Goal: to match any words, or groups of letters, and store them in a variable:
Possible Matches:
lfie, Page, site, or Information
Expression:
([a-z]+) [NC]
Explanation: Same as above with the addition of () and [NC]. In mod_rewrite, () creates a single variable out of the regular expression, so the word matched is now in a variable. [NC] stands for 'No Case' (from mod_rewrite) specifying that the regular expression or regular text strings match both upper and lowercase letters. With this expression you can match any single word.
Goal: to match any word, or group of letters, then any single number, and store them in separate variables:
Possible Matches:
lfie1, Page2, site6, or InforMation9
Expression:
([a-z]+)([0-9]) [NC]
Explanation: Same as above, except notice there is no + in the number expression. This way, only a single number at the end will match. The letters are placed into one variable, and the number is placed into another.
Goal: to match any word, or group of letters, then any single number, and store them in the same variable:
Possible Matches:
lfie1, Page2, site6, or InforMation9
Expression:
([a-z]+[0-9]) [NC]
Explanation: Same as above, except notice the plus is immediately following (no space) the [a-z], but before the [0-9] (again no space), so the + affects the [a-z], but not the [0-9].
Goal: to match any word, or group of letters, then any group of numbers, and store them in the same variable:
Possible Matches:
lfie11, Page2, site642, or InforMation9987653
Expression:
([a-z]+[0-9]+) [NC]
Explanation: Same as above with the addition of a + immediately following to the numerical expression to match 1 or more numbers instead of only 1.
Goal: to match any word, or group of letters, any group of numbers, and any random letters and numbers, which might or might not be mixed together:
Possible Matches:
11, gPaE, s17ite642, or 2CreateInfo4UisCool
Expression:
([a-z0-9]+) [NC]
Explanation: The change here is to the regular expression grouping.
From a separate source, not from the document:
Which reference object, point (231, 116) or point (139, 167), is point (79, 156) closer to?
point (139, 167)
Putting a-z and 0-9 in the same grouping followed by [NC] matches any combination of letters and numbers.
Goal: to match any word, or group of letters, then a single /, then any group of numbers, and store only the numbers in a variable.
Possible Matches:
lfie/10, gPaE/1, site/642, or CreateInfoUisCool/2474890
Expression:
[a-z]+/([0-9]+) [NC]
Explanation: Using the [a-z]+ without () matches the letters as usual. By putting the / outside of any expression, the only thing that will match is the exact character of /. Then using the ([0-9]+) again, stores any group of numbers in a variable.
Goal: to match anything before the / and store it in a variable, then match anything after the / and store it in a separate variable:
Possible Matches: lfie/10.html, gP..aE/1page_two.file, si-te/642-your-site, or
CreateInfo/245390.php
Expression:
([^/]+)/(.+)
Explanation: Using two new forms of regular expressions, this is actually easier than it may seem. Making use of the ^(not) character, matches anything that is not a / and the () again saves it in a variable. Then using the same form as above, the single, exact character of / is matched. Finally, the . (dot) character is used, because it matches any single character that is not the end of a line, and when combined with the + character, matches anything up to a line break. Once again, () are used to create the variable. *Also, notice the use of a 'catch-alls' eliminates the need for the [NC] 'flag' of mod_rewrite.